Cincinnati, the City of Seven Hills – Part 5

By: Julie Kelly

Writing about the seven “original” hills of Cincinnati has turned out to be a lot of fun. I lovemy crazy city of lumpy hills, great architecture and rich history. One of my favorite things to do on the weekend is to herd my husband into the car, get a coffee from UDF and drive around the different neighborhoods. It’s inexpensive and there is so much to see, you won’t be disappointed!

Part five of my series is on the community of Fairview. If you asked most people in Cincinnati for directions to an address in Fairview, they would probably refer to the area just west of the University of Cincinnati, south of Martin Luther King Drive, North of Central Parkway and east of Interstate 75 as either Clifton or possibly even Over-the Rhine. But it is in fact Fairview.

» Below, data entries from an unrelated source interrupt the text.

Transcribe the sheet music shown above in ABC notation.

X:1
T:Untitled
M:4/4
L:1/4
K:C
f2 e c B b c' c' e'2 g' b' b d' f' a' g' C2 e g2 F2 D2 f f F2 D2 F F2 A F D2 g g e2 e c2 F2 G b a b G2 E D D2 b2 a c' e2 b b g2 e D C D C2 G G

Fairview is an older, struggling neighborhood. Like most of the other “hills” I’vecovered it has fantastic architecture and a lot of history. You can drive down the streets and see lots of Victorian, Greek Revival, and Gothic architecture.  Back in the day, The Fairview Incline ran up and down Freeman street and connected the east and west sides of the city. It was the shortest of the cities inclines covering only 633-700 feet. It operated between 1892 and the mid 1920’s. 

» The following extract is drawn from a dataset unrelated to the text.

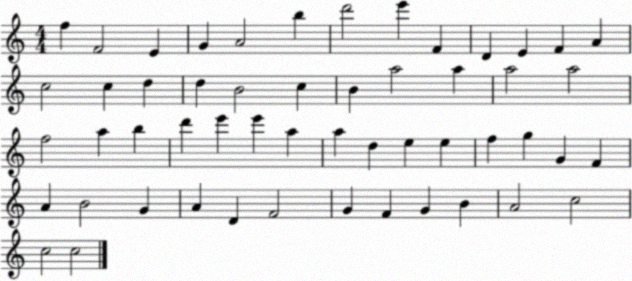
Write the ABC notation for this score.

Due to the fact that Fairview is in such close proximity to several area colleges, it includes a high percentage of rental property. One person I spoke to about Fairview commented that it’s a hard neighborhood to define because every other house is well maintained but there are a lot of run down houses that are not being maintained.

One of Fairview’s bright spots is that it has one of the few Cincinnati Public Schools that has earned the state’s highest ratings. The Fairview-Clifton German Language School has been recognized for its high standards of learning for many years. The school started in 1888 and has built a reputation as one of the best schools in the city. Many of its sixth grade graduates go on to attend Walnut Hills High School, another highly acclaimed Cincinnati school.

Fairview has its challenges like most of Cincinnati’s city neighborhoods but investors looking for a good value to enhance their portfolios might want to consider properties in Fairview.